Cinq attaques avaient déjà eu lieu en 2010 contre des centres de désintoxication, dont une qui avait fait 19 morts. Selon les autorités, les cartels de la drogue s'attaquent ainsi aux petits revendeurs qui s'y seraient réfugiés.

14 corps -12 hommes et 2 femmes- ont également été découverts mercredi et jeudi dans huit fosses communes à Acapulco, selon les autorités de l'État de Guerrero (sud).

Morelia, Torreon: ces deux villes sont situées sur le parcours de la «caravane de la consolation», organisée à l'initiative du poète et journaliste Javier Sicilia, dont le fils a été assassiné en mars avec six autres personnes, à Cuernavaca, à 90 km au sud de Mexico.

La caravane, composée d'une vingtaine d'autocars, est partie samedi de Cuernavaca (centre) pour gagner en six jours la frontière avec les États-Unis, avec des étapes dans les villes les plus touchées par la criminalité.

Jeudi, la caravane est arrivée dans la ville de Chihuahua, capitale de l'État du même nom.

Javier Sicilia devait y dévoiler une plaque à la mémoire de la vingtaine de militants des droits de l'Homme assassinés depuis 2006, date à laquelle le président mexicain Felipe Calderon a déclenché une offensive avec l'appui de 50 000 militaires contre les narcotrafiquants, qui se disputent le contrôle des routes notamment vers les États-Unis.

Cette offensive a fait plus de 37 000 morts depuis fin 2006.

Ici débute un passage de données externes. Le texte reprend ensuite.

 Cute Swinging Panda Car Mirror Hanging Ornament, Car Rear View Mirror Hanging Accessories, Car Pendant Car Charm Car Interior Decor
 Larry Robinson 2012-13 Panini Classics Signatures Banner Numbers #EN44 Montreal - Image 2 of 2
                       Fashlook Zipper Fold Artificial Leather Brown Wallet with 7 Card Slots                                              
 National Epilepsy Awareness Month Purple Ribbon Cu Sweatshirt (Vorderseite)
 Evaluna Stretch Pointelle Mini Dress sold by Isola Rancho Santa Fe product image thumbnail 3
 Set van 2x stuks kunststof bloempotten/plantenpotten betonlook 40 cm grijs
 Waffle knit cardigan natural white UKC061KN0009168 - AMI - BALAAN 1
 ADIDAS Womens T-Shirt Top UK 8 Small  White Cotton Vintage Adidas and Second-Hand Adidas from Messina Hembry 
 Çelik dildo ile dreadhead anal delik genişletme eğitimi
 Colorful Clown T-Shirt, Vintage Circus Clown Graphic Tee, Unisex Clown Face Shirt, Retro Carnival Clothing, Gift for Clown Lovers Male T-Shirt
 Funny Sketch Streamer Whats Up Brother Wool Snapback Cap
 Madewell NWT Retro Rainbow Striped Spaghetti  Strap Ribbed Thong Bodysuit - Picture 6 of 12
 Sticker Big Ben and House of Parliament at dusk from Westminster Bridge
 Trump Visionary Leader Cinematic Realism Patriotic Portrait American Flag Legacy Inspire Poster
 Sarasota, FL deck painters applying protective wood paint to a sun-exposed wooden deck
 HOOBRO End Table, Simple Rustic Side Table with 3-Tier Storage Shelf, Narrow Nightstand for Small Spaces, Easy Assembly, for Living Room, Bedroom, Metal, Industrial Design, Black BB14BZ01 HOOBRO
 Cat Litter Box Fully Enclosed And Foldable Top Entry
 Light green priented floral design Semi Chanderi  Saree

Au Chihuahua, les militants ne craignent pas uniquement le crime organisé. À la fin de la semaine dernière, des policiers ont perquisitionné sans ménagement et, semble-t-il sans mandat, au siège du centre des droits de l'Homme Paso del Norte dans la ville de Ciudad Juárez, celle du Mexique connaissant le plus de violences. En 2010, on y a compté 3100 homicides.

«Chihuahua et Ciudad Juárez sont des espaces emblématiques de l'incapacité de l'État à protéger, et de l'action criminelle de la délinquance», a dit à l'AFP Emilio Alvarez, ombudsman de la ville de Mexico.

C'est à Ciudad Juárez, à la frontière avec les États-Unis, que doit être signé vendredi un pacte civil contre la violence. Samedi, la caravane traversera la frontière pour El Paso, où est prévue une manifestation commune avec des organisations des États-Unis.